Le 22 octobre dernier, deux jours après l’expiration de l’échéance fixée par l’Union européenne pour l’intégration dans la législation grecque de la directive communautaire 36/2005 sur la reconnaissance des droits professionnels, Jean-Robert Pitte, président de l’Université Paris-Sorbonne, était à Athènes pour prospecter le marché grec et rechercher des partenaires privés en vue de l’implantation d’une Sorbonne "Made in Greece" sur le modèle de la faculté française d’Abu Dhabi…

Son voyage à la capitale grecque, baptisé ironiquement par le quotidien de droite Eleftheros Typos comme le "débarquement français au marché du travail" a été diversement apprécié par ses collègues grecs. Certains recteurs collaborant déjà depuis fort longtemps avec des universités françaises n’ont pas manqué de dénoncer l’aspect purement commercial de cette opération. "Pourquoi la Sorbonne cherche des partenaires privés ? se demande Constantin Bayatis, recteur de l’Université de Thessalie, si Paris-IV le souhaitait, il pourrait tout aussi bien établir des partenariats avec nos universités publiques grecques. Mais chez nous, rappelle-t-il, les frais de scolarité sont gratuits…." Alors qu’à la future Sorbonne d’Athènes, il est vrai, les frais de scolarité s’élèveraient à 8.000 voire 10.000 euros par élève et par an…

"Et que dire du moment choisi par Jean-Robert Pitte pour effectuer son voyage de commerce dans un pays en plein débat sur la libéralisation du secteur de l’éducation ?" s’interroge un autre professeur de l’École Polythechnique d’Athènes : "Voilà que depuis deux ans, pris en tenaille entre le puissant lobby des collèges privés et le mouvement étudiant sur la question de la révision de l’article 16 de la Constitution reconnaissant la primeur et la préférence de l’enseignement public, le gouvernement grec cherche à gagner du temps pour retarder l’application de la directive 36/2005." Et le même universitaire de citer les déclarations tonitruantes du président de Paris-IV sur l’ouverture du marché éducatif : "J’espère que la législation va changer et que l’article 16 de la Constitution grecque sera révisé car il s’agit d’un protectionnisme qui n’est pas conforme avec l’esprit de la construction européenne…"

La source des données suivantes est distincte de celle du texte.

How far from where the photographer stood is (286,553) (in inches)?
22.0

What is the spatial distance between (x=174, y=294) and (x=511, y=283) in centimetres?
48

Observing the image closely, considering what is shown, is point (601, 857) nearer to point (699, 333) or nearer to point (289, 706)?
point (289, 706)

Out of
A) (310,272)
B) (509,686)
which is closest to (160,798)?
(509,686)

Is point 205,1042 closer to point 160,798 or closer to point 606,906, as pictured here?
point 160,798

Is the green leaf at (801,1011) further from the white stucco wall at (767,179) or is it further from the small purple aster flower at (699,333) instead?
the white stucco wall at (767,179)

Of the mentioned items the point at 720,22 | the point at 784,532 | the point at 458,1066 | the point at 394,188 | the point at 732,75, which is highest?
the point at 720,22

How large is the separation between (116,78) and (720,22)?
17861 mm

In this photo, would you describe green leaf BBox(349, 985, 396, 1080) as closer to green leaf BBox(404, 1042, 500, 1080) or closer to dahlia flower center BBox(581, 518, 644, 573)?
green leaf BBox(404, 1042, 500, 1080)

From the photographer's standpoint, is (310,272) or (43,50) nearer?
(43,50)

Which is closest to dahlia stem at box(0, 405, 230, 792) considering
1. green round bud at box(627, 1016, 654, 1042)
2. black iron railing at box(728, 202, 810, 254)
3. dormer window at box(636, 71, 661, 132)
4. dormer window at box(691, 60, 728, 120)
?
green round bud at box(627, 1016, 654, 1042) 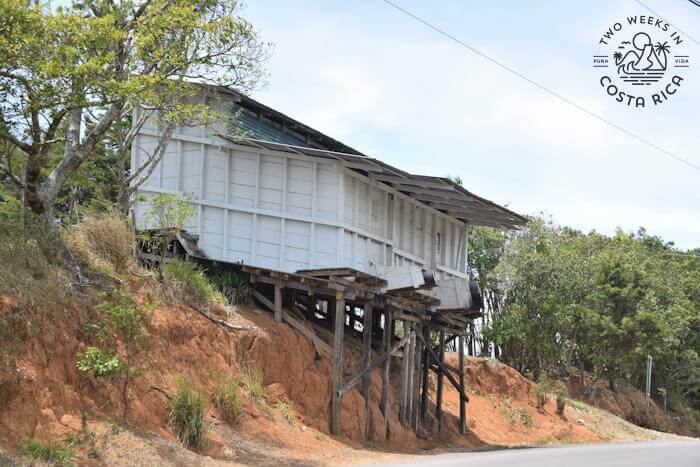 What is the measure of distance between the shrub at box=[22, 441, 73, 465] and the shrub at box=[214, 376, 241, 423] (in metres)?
5.47

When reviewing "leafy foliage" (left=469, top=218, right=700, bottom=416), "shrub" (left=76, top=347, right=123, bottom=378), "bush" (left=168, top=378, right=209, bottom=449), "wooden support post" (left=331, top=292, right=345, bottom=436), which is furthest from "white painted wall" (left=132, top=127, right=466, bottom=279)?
"leafy foliage" (left=469, top=218, right=700, bottom=416)

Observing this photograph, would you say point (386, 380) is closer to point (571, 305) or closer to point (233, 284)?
point (233, 284)

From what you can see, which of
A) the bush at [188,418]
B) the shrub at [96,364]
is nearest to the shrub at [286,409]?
the bush at [188,418]

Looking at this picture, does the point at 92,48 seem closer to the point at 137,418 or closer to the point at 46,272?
the point at 46,272

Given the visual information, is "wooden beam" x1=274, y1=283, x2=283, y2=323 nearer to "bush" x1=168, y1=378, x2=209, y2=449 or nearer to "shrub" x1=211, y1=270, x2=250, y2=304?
"shrub" x1=211, y1=270, x2=250, y2=304

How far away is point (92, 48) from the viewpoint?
16.3 m

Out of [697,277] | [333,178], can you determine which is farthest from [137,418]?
[697,277]

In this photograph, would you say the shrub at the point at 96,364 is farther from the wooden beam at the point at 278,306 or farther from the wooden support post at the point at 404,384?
the wooden support post at the point at 404,384

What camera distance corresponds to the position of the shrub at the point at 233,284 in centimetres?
2327

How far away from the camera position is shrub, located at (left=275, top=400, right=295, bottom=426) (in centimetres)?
2125

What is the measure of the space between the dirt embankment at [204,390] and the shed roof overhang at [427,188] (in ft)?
14.5

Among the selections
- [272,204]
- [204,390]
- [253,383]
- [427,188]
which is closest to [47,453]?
[204,390]

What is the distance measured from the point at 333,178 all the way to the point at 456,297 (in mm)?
6070

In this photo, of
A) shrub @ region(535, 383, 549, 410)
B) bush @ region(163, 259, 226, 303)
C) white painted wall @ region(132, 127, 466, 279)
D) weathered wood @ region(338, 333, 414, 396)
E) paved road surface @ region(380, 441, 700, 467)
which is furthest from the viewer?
shrub @ region(535, 383, 549, 410)
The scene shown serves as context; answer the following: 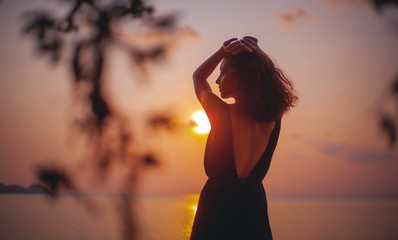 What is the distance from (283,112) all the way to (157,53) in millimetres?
2339

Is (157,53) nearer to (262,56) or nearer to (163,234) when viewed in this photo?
(262,56)

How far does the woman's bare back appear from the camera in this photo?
144cm

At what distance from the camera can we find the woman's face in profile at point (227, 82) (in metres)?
1.46

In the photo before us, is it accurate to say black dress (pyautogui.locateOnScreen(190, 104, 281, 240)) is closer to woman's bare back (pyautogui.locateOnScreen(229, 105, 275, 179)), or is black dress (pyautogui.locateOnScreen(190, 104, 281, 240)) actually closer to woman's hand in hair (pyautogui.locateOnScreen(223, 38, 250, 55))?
woman's bare back (pyautogui.locateOnScreen(229, 105, 275, 179))

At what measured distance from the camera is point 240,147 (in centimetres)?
144

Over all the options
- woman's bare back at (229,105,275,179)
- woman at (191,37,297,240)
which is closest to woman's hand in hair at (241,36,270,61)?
woman at (191,37,297,240)

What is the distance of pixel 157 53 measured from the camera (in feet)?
12.1

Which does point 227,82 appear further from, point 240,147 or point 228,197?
point 228,197

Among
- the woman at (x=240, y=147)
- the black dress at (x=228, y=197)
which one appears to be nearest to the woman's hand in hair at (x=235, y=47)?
the woman at (x=240, y=147)

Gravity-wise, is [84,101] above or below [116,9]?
below

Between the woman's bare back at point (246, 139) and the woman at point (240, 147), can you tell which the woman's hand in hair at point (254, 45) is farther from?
the woman's bare back at point (246, 139)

Ironie de l’histoire, à peine dix jours avant le début du mouvement de critique des étudiants français contre l’autonomie des universités, dans une interview au quotidien de gauche Eleftherotypia, Jean-Robert Pitte déclarait ceci :
"La loi française a été modifiée récemment et nos universités disposent maintenant d’une plus grande autonomie. (…) J’espère que dans les années à venir les différences entre les grandes écoles et les université publiques vont se réduire. (…) Nous avons, par exemple, signé un accord avec l’une de ces grandes écoles privées permettant à nos étudiants de choisir des cours à l’établissement de leur choix avec tacite reconnaissance du cursus. Cela montre que les mentalités changent. Personnellement je m’inscris contre la tradition française qui postule que toute ce qui est public est meilleur. (…) D’où notre misère actuelle. Un de nos plus grands problèmes est que l’université publique - qui n’applique pas une sélection à l’entrée - a fini par accueillir tous ceux qui ont été refusés par les autres établissements. (…) Mais je me trouve à l’étranger et je ne veux pas répandre une image négative de mon pays."